5.6 Meyerson on “Pangeometrism”
Within physics the idealist currents lying behind the world geometries of Weyl and Eddington were largely ignored, whereas within philosophy, with the notable exception of Émile Meyerson's La Déduction Relativiste (1925),most philosophers lacked the tools to connect these readily discernible currents with their geometrical theories. Meyerson, who had no doubt of the basic realist impetus of science, carefully distinguished Einstein's “rational deduction of the physical world” from the geometrical unifications of gravitation and electromagnetism of Weyl and Eddington.
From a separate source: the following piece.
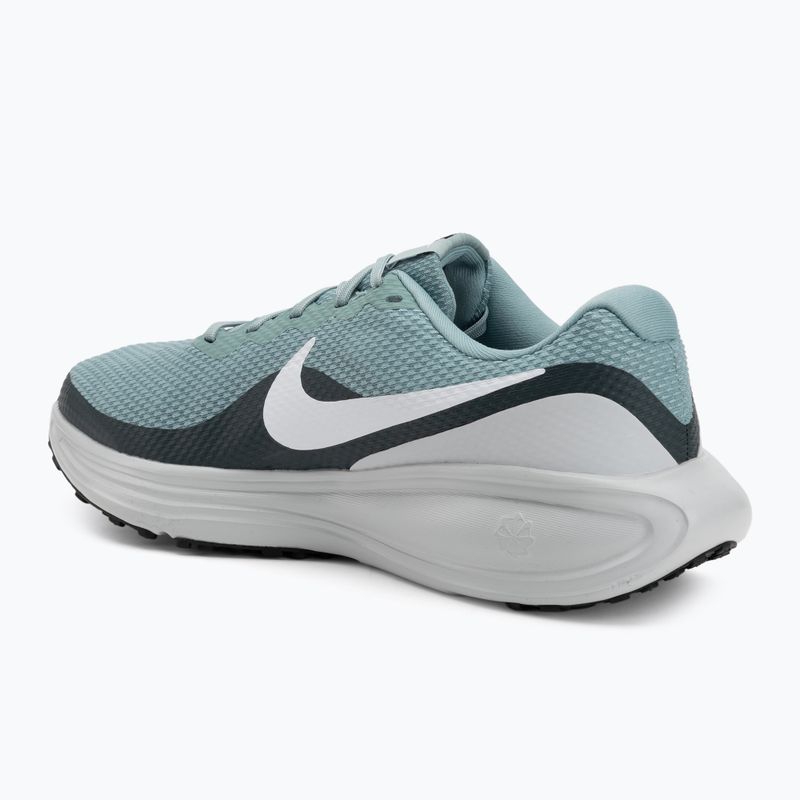 Herren-Laufschuhe Nike Revolution 8 cannon/seaweed/pure platinum/white 3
These theories, as affirmations of a complete panmathematicism, or rather of a pangeometrism (§§ 157–58), were compared to the rational deductions of Hegel's Logic. That general relativity succeeded in partly realizing Descartes' program of reducing the physical to the spatial through geometric deduction, is due to the fact that Einstein “followed in the footsteps” of Descartes, not Hegel (§133). But pan-geometrism is also capable of overreaching itself and this is the transgression committed by both Weyl and Eddington. Weyl in particular is singled out for criticism for seemingly to have reverted to Hegel's monistic idealism, and so to be subject to its fatal flaw. In regarding nature as completely intelligible, Weyl had abolished the thing-in-itself and so promoted the identity of self and non-self, the great error of the Naturphilosophien.
Though he had “all due respect to the writings of such distinguished scientists” as Weyl and Eddington, Meyerson took their overt affirmations of idealism to be misguided attempts “to associate themselves with a philosophical point of view that is in fact quite foreign to the relativistic doctrine” (§150). That “point of view” is in fact two distinct species of transcendental idealism. It is above all “foreign” to relativity theory because Meyerson cannot see how it is possible to “reintegrate the four-dimensional world of relativity theory into the self”. After all, Kant's own argument for Transcendental Idealism proceeded “in a single step”, in establishing the subjectivity of the space and time of “our naïve intuition”. But this still leaves “the four dimensional universe of relativity independent of the self”. Any attempt to “reintegrate” four-dimensional spacetime into the self would have to proceed at a “second stage” where, additionally, there would be no “solid foundation” such as spatial and temporal intuition furnished Kant at the first stage. Perhaps, Meyerson allowed, there is indeed “another intuition, purely mathematical in nature”, lying behind spatial and temporal intuition, and capable of “imagining the four-dimensional universe, to which, in turn, it makes reality conform”. This would make intuition a “two-stage mechanism”. While all of this is not “inconceivable”, it does appear, nonetheless, “rather complex and difficult if one reflects upon it”. In any case, this is likely to be unnecessary, for considering the matter “with an open mind”,
one would seem to be led to the position of those who believe that relativity theory tends to destroy the concept of Kantian intuition (§§ 151–2).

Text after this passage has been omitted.